The story goes that in the late 1910's, Arbuckle was America's second-most-popular comedian, bowing only to Charlie Chaplin. When Arbuckle met up with Buster Keaton, he recognized Keaton's comedy strengths and debuted Keaton in his movies as an ever-reliable sidekick.
Yet based on the evidence shown here, Keaton in even secondary roles was someone to keep an eye on, while Arbuckle's appeal has assuredly diminished over the years. Unlike Chaplin or the solo Keaton, Arbuckle has little of a persona to fall back on. One can imagine how Chaplin's Little Tramp or Keaton's Stone Face would react in a given situation. But Arbuckle seems to change his stripes whenever any gag, in or out of character, presents itself. About the only persona that emerges for Fatty is that he's...well, fat.
And the plotlines, concocted mostly by Arbuckle, are just as arbitrary as his character. The short The Bellboy (1918) begins in a hotel and segues strangely to a bank that's being robbed. The Butcher Boy (1917, and Keaton's film debut) begins in a grocery store and switches to a girls' boarding school.
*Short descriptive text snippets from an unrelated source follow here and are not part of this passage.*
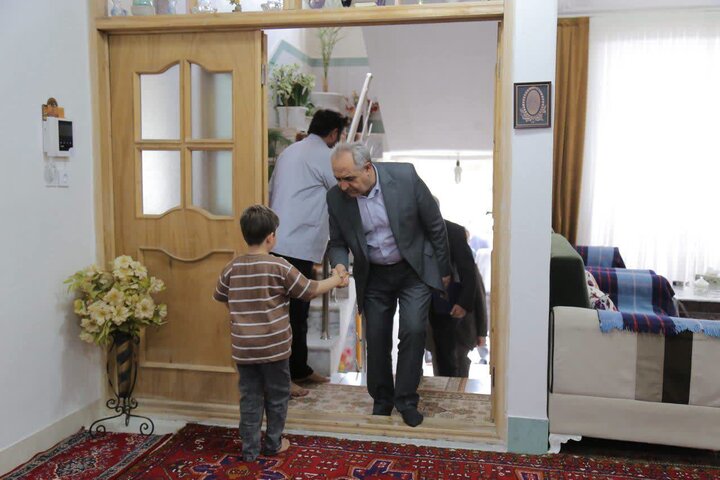 تجلیل از خانواده‌های شهدای جنگ رمضان در سفر سرمست به بناب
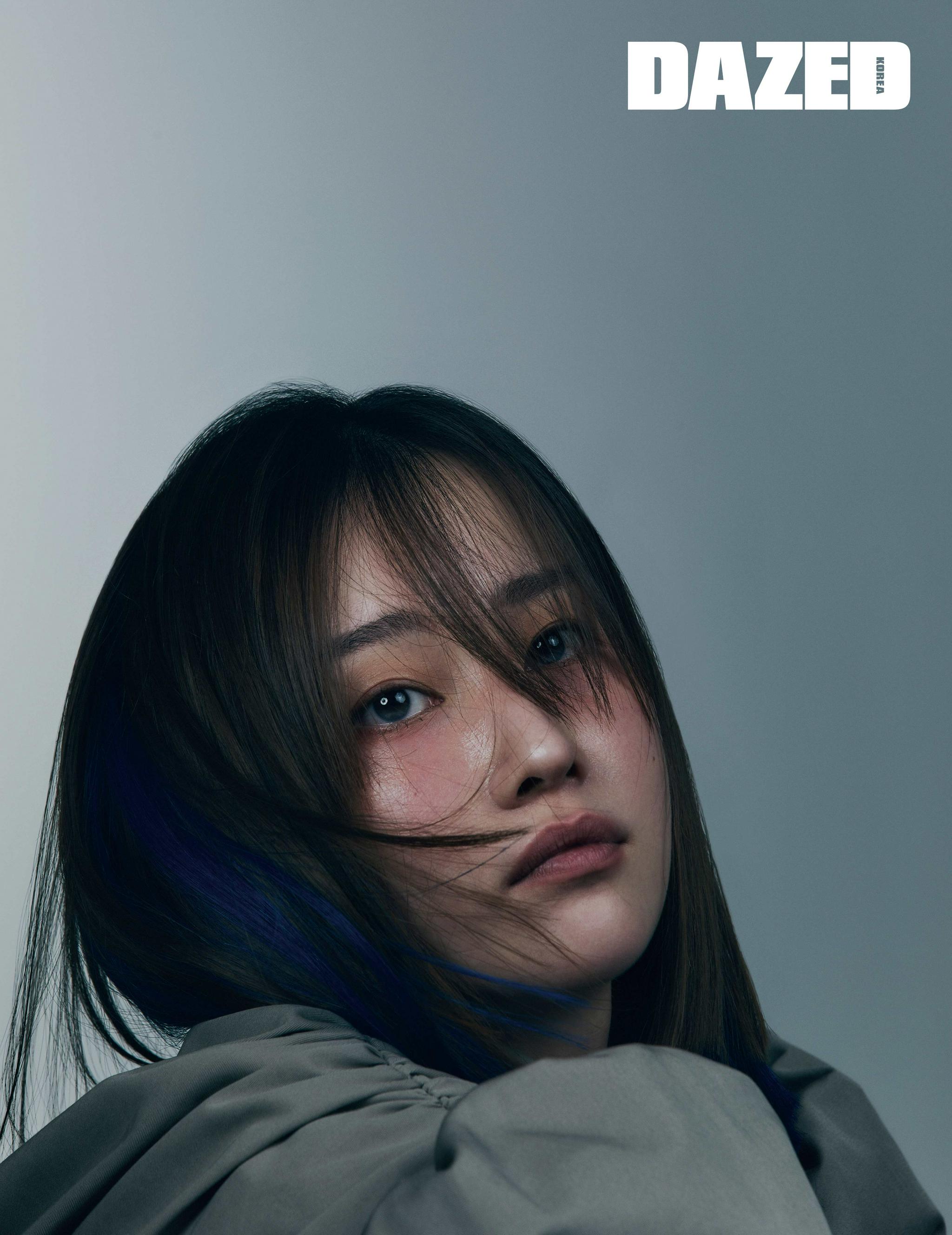 韩国女艺人全钟瑞最新杂志封面照曝光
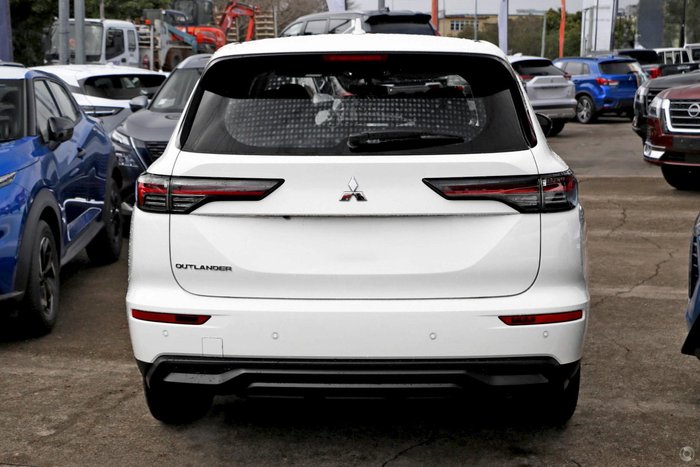2026 Mitsubishi Outlander ES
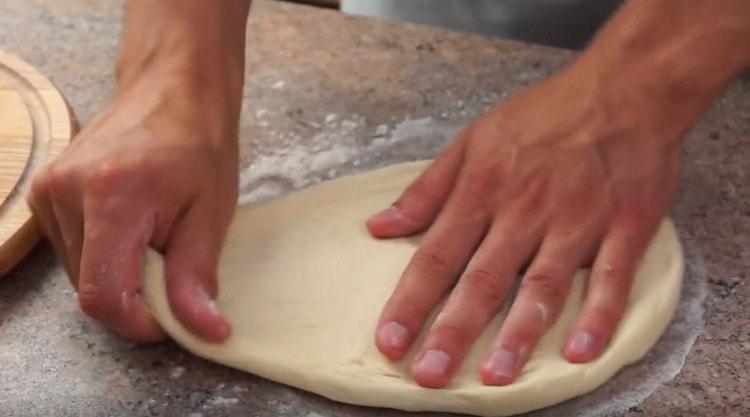 Étirez la pâte avec vos mains ou déployez-la.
But unlike Arbuckle, who all but winks at the audience in an attempt to win their love, Keaton plays straight no matter the situation and scores points all around. Out West (1918) presents Keaton as a barroom gunslinger, and just by force of personality, he makes you believe it. And heaven knows, nobody could take a fall or elaborate a simple gag better than Buster.